Making Money Alert: Welcome to the Liquidation Cycle

Doug Fabian

Doug Fabian is known for his expert knowledge of ETFs, bear funds and enhanced index funds to profit in any market climate.

Whenever I hear the old adage that “there’s always a bull market somewhere,” I tend to think that people feel like they’re missing the boat on stocks. They start thinking to themselves that if only they were allocated to just the right sectors, all would be well.

Now, while this situation may be true in theory, when it comes to actual practice, it’s impossible to be invested in only the right bull sectors at just the right time. Let’s do a little reality check here to see the overall conditions in the equity market to see just how tough it is to find winners right now.

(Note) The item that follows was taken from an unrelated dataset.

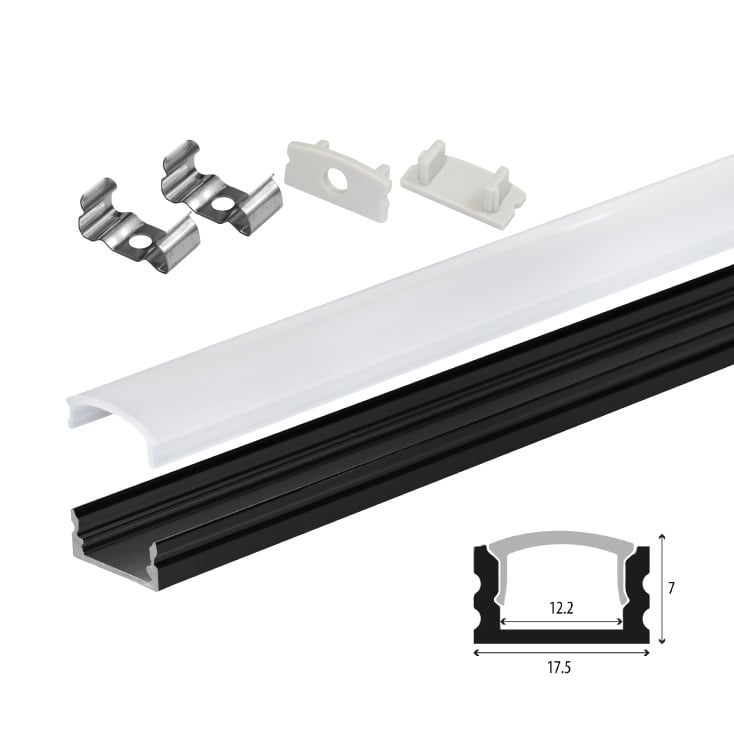 Set aluminijumski profil za LED trake 1m 17.5x7 mm crni slika 1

If we look at the chart here of the Vanguard Total World Stock ETF (VT), we see that the broadest measure of all tradable stocks around the world has seen a very sharp pullback since late May.

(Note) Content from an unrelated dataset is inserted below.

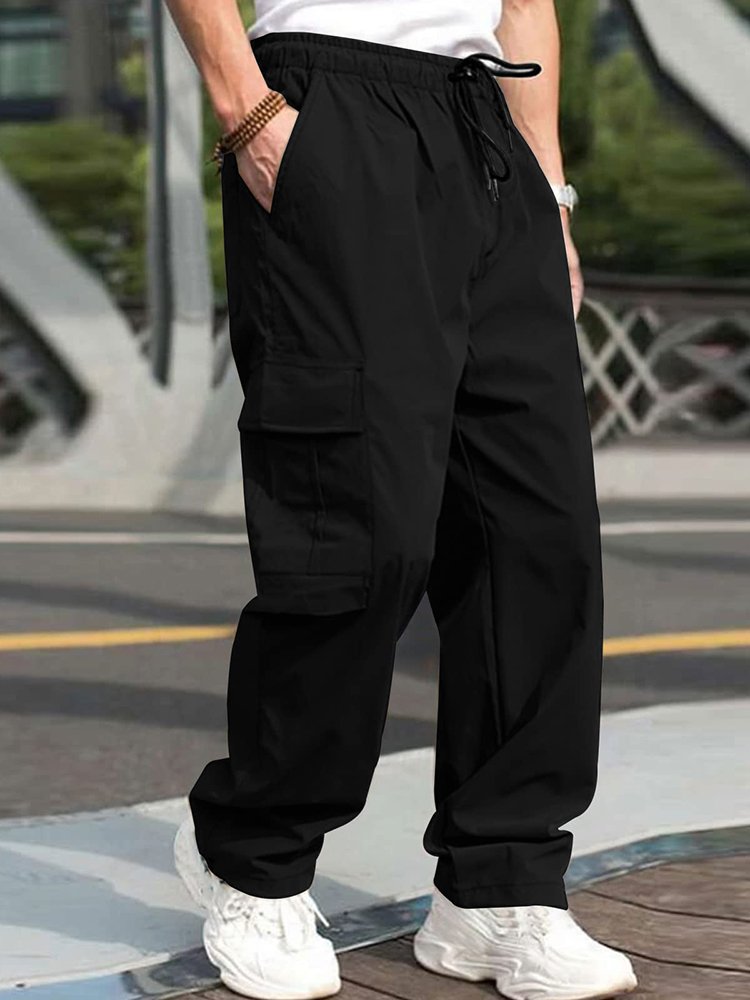 Alohadaddy Loose Multi-Pocket Straight Leg Casual Men&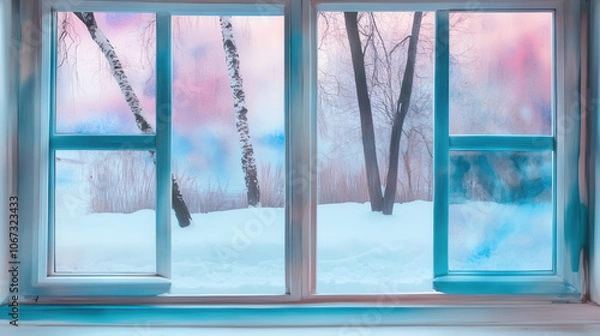 Fototapeta Frost covered window overlooking snowy garden with bare trees and colorful sky, creating serene winter scene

It is no surprise here that the catalyst for the global sell-off was Fed Chairman Ben Bernanke’s May 22 talk that the U.S. central bank may “taper” current easy-money policies. Since then, stocks have plunged below their 50-day moving average. VT also fell to its 200-day moving average. But during the past couple of trading sessions (including today), we’ve seen a rebound off of the long-term trend line.

There’s also been a rebound in the emerging markets sector during the past couple of sessions, but the technical picture in these markets is much different than it is in the broader VT measure.

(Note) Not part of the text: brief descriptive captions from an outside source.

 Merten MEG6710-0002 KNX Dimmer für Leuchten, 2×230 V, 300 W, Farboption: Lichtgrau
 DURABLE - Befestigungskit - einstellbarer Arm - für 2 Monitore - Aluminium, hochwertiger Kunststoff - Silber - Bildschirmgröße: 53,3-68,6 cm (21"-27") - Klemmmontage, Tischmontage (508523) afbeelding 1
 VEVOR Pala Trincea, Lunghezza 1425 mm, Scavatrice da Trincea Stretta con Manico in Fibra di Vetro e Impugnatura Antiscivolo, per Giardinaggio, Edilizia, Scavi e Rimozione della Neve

Take a look at the chart here of the iShares MSCI Emerging Markets (EEM). The volatile segment collapsed after the Fed’s narrative about tapering began. Even with the bounce during the past couple of sessions, EEM remains trading near its 52-week low.

What these two charts (VT and EEM) tell us is that the liquidation cycle for stocks is here. How long will we be in this cycle? Well, that’s always the $64,000 question. Of course, the answer is we won’t know until the cycle is over.

For investors, the pullback in VT, EEM and in the domestic markets is the beginning of the market “reboot” that I’ve been predicting to subscribers of my Successful Investing newsletter.

I suspect that this reboot will ultimately be a great buying opportunity for investors, but how you buy, what you buy, and with how much of your portfolio is going to be the key to navigating these waters expertly.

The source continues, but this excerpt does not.